Caption-style text data
--------------------------------

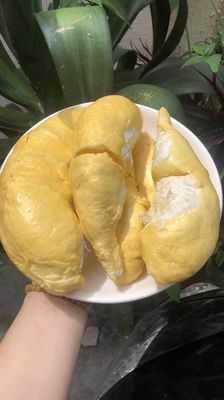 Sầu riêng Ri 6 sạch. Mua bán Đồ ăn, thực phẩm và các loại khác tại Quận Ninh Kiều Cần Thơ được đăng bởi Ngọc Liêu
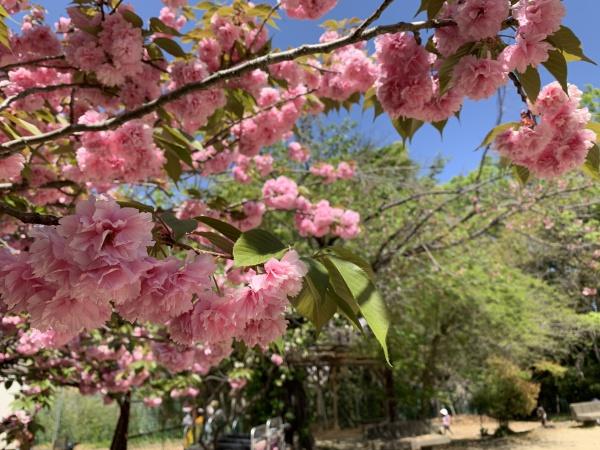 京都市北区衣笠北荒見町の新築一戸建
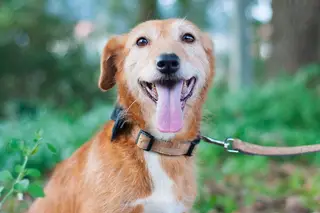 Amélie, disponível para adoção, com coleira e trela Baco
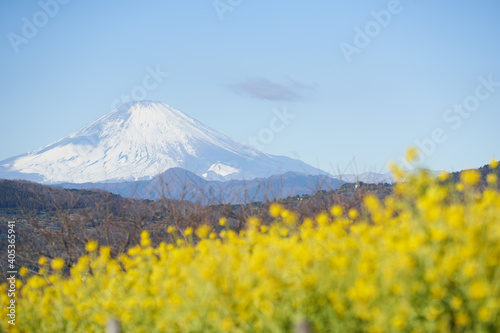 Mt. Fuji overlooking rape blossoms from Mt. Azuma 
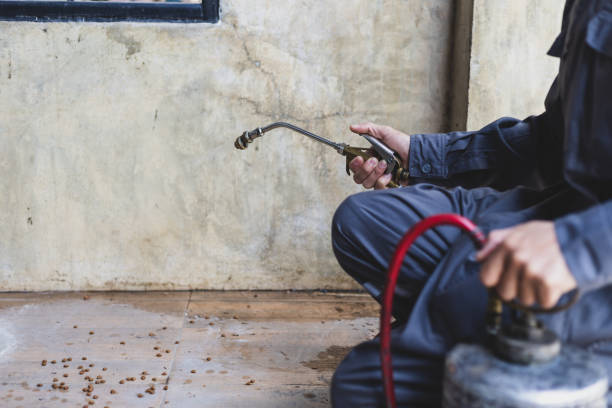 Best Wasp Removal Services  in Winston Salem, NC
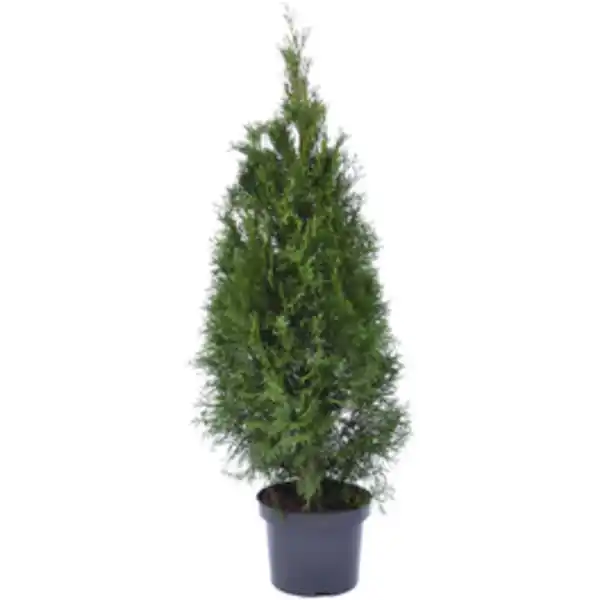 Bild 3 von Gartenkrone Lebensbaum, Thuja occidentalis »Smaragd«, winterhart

--------------------------------

DIRECTIONS FOR THIS TASK: Once the pictures are dropped, repeat the data above exactly.

TASK RESPONSE:
 Sầu riêng Ri 6 sạch. Mua bán Đồ ăn, thực phẩm và các loại khác tại Quận Ninh Kiều Cần Thơ được đăng bởi Ngọc Liêu
 京都市北区衣笠北荒見町の新築一戸建
 Amélie, disponível para adoção, com coleira e trela Baco
 Mt. Fuji overlooking rape blossoms from Mt. Azuma 
 Best Wasp Removal Services  in Winston Salem, NC
 Bild 3 von Gartenkrone Lebensbaum, Thuja occidentalis »Smaragd«, winterhart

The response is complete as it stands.